UAE :REmap report findings 2030 highlight economic opportunities WAM + NewBase

REmap report 2030, issued by the International Renewable Energy Agency (IRENA), in cooperation with both Masdar and the Directorate of Energy and Climate Change at the Ministry of Foreign Affairs, has revealed that the pricing of solar energy in the UAE has become equivalent to the pricing of energy models based on oil and gas, a move that will give a momentum to shift towards solar energy in the UAE and impact economic feasibility and make the alternative energy commercially attractive.

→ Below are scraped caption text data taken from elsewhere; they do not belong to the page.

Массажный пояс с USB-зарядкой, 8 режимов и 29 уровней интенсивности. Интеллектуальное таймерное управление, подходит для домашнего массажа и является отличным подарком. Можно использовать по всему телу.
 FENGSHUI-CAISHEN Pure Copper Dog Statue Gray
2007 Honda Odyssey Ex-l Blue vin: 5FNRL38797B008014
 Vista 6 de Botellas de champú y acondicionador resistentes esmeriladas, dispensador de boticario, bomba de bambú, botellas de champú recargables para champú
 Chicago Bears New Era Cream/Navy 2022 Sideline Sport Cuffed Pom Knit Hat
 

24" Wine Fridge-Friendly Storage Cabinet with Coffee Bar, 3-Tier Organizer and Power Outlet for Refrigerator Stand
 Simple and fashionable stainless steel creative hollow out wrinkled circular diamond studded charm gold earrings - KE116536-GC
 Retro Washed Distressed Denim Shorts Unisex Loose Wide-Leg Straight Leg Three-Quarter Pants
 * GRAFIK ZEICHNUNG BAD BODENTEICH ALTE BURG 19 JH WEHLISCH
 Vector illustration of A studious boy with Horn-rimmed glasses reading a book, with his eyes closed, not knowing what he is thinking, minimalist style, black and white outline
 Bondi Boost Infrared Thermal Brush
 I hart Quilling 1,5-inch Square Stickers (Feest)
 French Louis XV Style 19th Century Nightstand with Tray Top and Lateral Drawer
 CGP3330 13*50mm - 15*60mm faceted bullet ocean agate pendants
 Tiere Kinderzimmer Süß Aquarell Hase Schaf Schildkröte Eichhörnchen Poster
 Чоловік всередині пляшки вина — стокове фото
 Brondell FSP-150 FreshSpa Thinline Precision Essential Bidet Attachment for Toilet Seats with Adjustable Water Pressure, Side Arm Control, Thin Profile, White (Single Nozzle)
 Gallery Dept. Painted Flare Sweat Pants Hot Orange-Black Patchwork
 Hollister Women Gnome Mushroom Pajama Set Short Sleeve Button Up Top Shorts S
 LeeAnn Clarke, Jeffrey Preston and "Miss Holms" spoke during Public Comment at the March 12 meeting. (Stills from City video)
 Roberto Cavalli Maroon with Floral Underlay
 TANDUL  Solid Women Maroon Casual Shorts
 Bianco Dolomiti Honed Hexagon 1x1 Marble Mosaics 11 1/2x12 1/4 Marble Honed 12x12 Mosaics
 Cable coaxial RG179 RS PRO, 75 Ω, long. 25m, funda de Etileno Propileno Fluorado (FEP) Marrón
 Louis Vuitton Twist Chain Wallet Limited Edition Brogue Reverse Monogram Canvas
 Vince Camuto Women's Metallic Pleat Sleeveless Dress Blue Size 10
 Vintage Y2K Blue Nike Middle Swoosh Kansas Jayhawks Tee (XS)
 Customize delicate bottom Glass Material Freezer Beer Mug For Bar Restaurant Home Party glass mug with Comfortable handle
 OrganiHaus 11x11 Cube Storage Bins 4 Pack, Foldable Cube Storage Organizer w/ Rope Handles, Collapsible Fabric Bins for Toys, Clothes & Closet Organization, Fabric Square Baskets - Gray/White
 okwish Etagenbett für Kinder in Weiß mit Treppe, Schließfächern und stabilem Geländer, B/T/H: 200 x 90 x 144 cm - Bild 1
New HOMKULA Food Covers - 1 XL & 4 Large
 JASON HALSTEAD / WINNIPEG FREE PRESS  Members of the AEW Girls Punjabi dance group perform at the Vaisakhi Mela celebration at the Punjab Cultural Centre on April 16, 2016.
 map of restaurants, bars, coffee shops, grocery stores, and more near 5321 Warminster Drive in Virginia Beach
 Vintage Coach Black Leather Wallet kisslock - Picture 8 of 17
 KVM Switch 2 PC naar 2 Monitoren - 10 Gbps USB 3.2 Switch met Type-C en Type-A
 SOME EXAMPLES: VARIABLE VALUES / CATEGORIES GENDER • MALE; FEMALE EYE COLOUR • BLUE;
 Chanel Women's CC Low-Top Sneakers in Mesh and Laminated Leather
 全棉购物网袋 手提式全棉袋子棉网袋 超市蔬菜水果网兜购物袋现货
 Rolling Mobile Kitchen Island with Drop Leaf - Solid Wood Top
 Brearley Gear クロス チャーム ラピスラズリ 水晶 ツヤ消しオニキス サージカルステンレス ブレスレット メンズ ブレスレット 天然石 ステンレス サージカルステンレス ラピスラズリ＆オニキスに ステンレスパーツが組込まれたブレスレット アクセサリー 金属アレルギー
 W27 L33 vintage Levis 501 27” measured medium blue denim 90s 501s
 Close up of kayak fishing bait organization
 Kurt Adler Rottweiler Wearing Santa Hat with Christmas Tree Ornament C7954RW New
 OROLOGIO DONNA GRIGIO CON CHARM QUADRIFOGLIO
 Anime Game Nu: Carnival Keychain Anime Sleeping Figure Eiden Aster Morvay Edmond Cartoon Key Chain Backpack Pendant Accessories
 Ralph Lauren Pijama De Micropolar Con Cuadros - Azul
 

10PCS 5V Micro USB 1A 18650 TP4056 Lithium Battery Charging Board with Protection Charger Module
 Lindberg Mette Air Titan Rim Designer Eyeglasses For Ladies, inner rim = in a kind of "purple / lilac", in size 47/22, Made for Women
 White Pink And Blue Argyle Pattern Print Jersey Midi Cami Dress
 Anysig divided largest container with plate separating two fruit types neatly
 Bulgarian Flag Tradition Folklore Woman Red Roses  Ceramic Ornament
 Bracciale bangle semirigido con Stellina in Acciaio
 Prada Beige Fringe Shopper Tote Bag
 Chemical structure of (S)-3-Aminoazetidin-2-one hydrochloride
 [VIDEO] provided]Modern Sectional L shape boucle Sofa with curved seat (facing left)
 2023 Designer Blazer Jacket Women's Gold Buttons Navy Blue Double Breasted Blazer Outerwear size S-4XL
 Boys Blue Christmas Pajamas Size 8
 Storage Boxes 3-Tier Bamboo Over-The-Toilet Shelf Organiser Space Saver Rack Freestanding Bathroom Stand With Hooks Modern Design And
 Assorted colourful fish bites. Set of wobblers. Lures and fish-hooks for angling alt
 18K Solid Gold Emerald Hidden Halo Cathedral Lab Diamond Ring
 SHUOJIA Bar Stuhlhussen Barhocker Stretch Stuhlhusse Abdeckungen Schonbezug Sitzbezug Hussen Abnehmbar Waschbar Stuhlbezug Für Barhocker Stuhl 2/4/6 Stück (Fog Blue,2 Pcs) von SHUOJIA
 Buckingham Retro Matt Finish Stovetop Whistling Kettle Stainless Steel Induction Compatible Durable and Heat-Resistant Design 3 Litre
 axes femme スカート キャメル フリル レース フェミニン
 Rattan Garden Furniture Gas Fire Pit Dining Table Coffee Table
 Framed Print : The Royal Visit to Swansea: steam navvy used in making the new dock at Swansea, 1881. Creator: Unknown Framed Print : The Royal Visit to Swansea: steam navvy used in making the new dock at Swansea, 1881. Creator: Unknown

The report added that the sun is the most important source of renewable energy in the UAE, pointing out that various forms of solar energy will account for 90 percent of renewable energy usage.

The Renewable Energy Map, REmap, presents the findings of the first study of

its kind dealing with potential of renewable energy at the national, regional and international levels.

Rapidly increasing natural gas prices and decreasing renewable energy costs are the main drivers for this shift. As recently as 2010, natural gas was available in the UAE at less than USD 2 per million British thermal units (MBtu).

Today, marginal import prices are in the range of USD 9-18/MBtu, even after accounting for the potentially

temporary price decline of late 2014 and early 2015. New domestic gas production is approaching USD 8/MBtu in cost and is insufficient to limit growing

import requirements. By contrast, local solar photovoltaic (PV) module prices have fallen around 75 percent since 2008.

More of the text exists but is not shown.